We thought that was just his way of trying to get Blackthorne to get clean since he wouldn’t bathe lol.
Can someone spoiler me the explanation of what happened to Mariko’s family? I re-watched when she explained it to Blackthorne but I didn’t really understand what happened.
During dinner, Blackthorne and Buntaro engage in a sake drinking binge before Buntaro proves his archery skills while drunk and forces Mariko to tell Blackthorne about how her father, Lord Akechi Jinsai, murdered Lord Kuroda, the previous ruler of Japan before the Taikō, and was forced to execute his family before committing seppuku, and that she married Buntaro and was forced to live as atonement for her father’s crime.
Each episode is summarized here, as it appears (not before):
In the book it is also mentioned that she was exiled by her husband for a long period of time in order to spare her from seppuku something that is also part of the he real life counterpart. This is part of what makes her angry with him. Everyone in the community she lives in knows that she is the daughter of a traitor even if she does now belong to a respected family by marriage.
Here’s a lot of info about hanging birds. It was popular in a certain era of Europe, but I don’t think flies would’ve been a selling point. It’s not meant to rot.
I didn’t read the book, what was the dish “Anjin” was trying to make with that rotting bird? He mentions rabbit stew that smells like death and doesn’t have sherry, but the bird was still intact at that point.
No specific dish is mentioned. As stated above, hanging a bird to dry it out was a thing (and still is) before you prepare it for anything. It could have been a stew, it could have been to fry it, or anything else. It would be like waiting for a fruit to get to a certain point before you use it for a dish, though in this case, he waited a little bit too long I think
Right, but he makes it clear he knows full well it will reek and that it’s good for the dish. I can’t find any recipe that calls for a game bird to be rotten. Blackthorne acted like this meal was an Englishman’s Birthright, a call of home.
I have also read the book several times. The government used to send me places on detail, and there was no way I could pack a months worth of books. So I hit up a used bookstore to by cheap books that I know were common and a good-re-read. Shogun, and All Creatures Great and Small were two standbyes.
Oddly, I have tried several other books by Clavell, and found them lacking.
Toranaga is the Good guy to Anjin/Blackthorne.
Were the muskets in the Dutch ship flintlocks instead of matchlocks?
The pistols Blackthorne carried were snaplocks, I think - an early form of flintlock - but muskets from 1600 would have been matchlocks. It would be another 50 years at least before flintlock muskets became common.
I also have read all the Clavell books in the Asia series including Whirlwind which it took me a while to find and acquire.

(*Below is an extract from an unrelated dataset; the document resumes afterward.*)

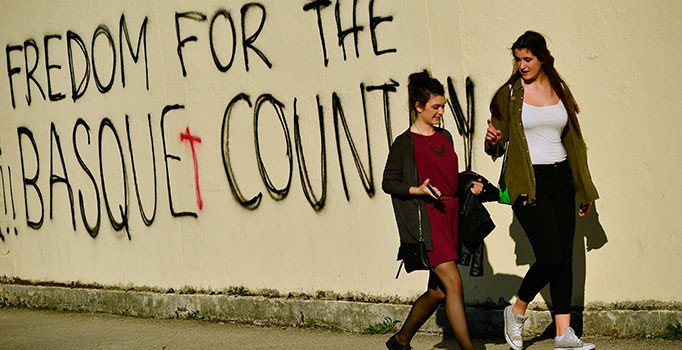 İspanya: ETA mağlubiyetini küçültmek için medyatik işler yapmak yerine özür dilesin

King rat stands out though and not just because it was his first novel but because it is basically about his experiences as a prisoner of war during WWII. I do agree that Tai-Pan, which I believe is the shortest of the whole series, is likely the most entertaining after Shogūn, though I liked Noble House as well.

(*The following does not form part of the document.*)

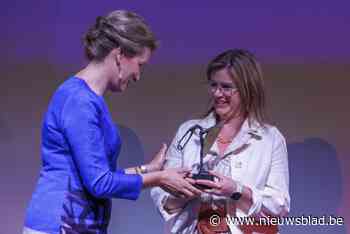 Beringse Elly Huysmans wint award voor Vlaams ondernemerschap en krijgt prijs uit handen van koningin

It’s been decades since I read the book. But what I remember is that immediately after the terror of the earthquake, Toranaga (or possibly another character) stood up, danced and laughed joyously because they were going to live. And it was from this constant threat of death from earthquakes and other dangers that they derived such deep enjoyment of life.
I think this was a moment in which Blackthorne, and we the reader, came to some understanding of the Japanese ethos. At least, that’s what I carry from it these many years later. The scene in the latest episode didn’t seem to go that way in the end.
Edit: As for Clavell as an author, I’ve liked just about everything of his that I’ve read. And I’ll be forever grateful for his screenplay of The Great Escape.